Quando fiquei sabendo que esse filme estava em cartaz, pensei “Mas uma distopia…”. Não é que eu não goste do gênero, mas já cansei. Li “1984” de George Orwell e “Admirável Mundo Novo” de Aldous Huxley muito tempo atrás, simplesmente porque são leituras obrigatórias para a vida e acabei gostando muito de histórias que imaginam um futuro imperfeito onde conceitos que temos hoje caem e dão lugar a outros.

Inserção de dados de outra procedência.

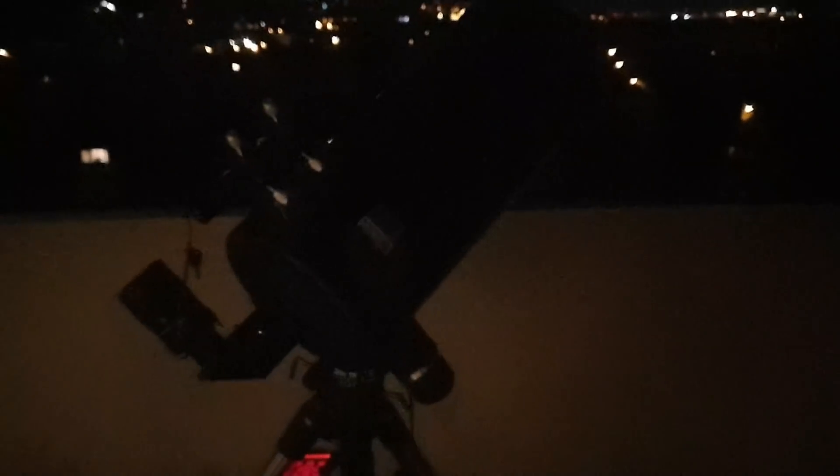Let's do a side-by-side comparison of these two looking at Mars. It's fun — let's see if we can lase Mars. There we go, that's a green laser lasing Mars.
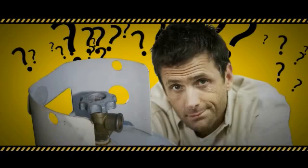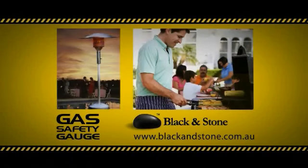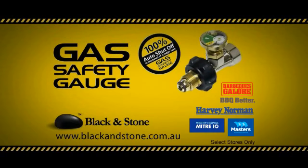No more guessing how much gas you have left. No more filling an already half-full cylinder. Simple to fit, easy to read. Makes barbecuing and patio heating safer. The Black & Stone Gas Safety Gauge. Available at leading retail and hardware stores.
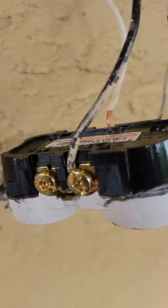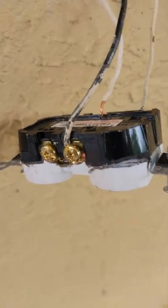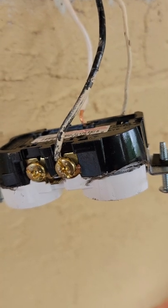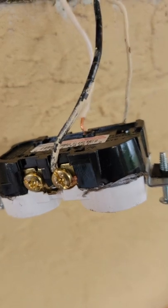There are two things wrong with this outlet. The first is the black wire is wrapped counterclockwise around the screw, when it should be clockwise. That's not too bad as long as it screws down and holds.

Quando fiquei sabendo sobre “Jogos Vorazes” não dei à mínima, porque tínhamos acabado de sair do “Crepúsculo” e imaginei que era outro filme com triângulo amoroso com outra menina apática. Uma amiga minha acabou recomendando o filme, me contando um pouco da história e eu acabei dando uma chance. E daí por diante foi só amor, até o “Esperança: parte 2”… Assunto para outro texto.

Inicialmente, na sala de cinema, a ideia principal do filme me deixou fascinada e eu acreditei por alguns minutos que poderia ser melhor que “Jogos Vorazes”. Não foi. Logo depois do ataque das quatro ondas é impossível não ficar perturbada com a quantidade de clichês: motivo banal para se ficar para trás (o urso que a criança não vivia sem, mas esqueceu), amor inexplicável e à primeira vista, o triângulo amoroso desnecessário, protagonista sem habilidade e força matando militar alienígena no braço, personagens rasos e um final bem “foda-se”.

Desconfio fortemente que a indústria do cinema deseja transformar esse movimento tão bacana que surgiu na literatura empoderando as jovens em mais um monte de “Crepúsculos” somente por medo de fazer o que tem que ser feito.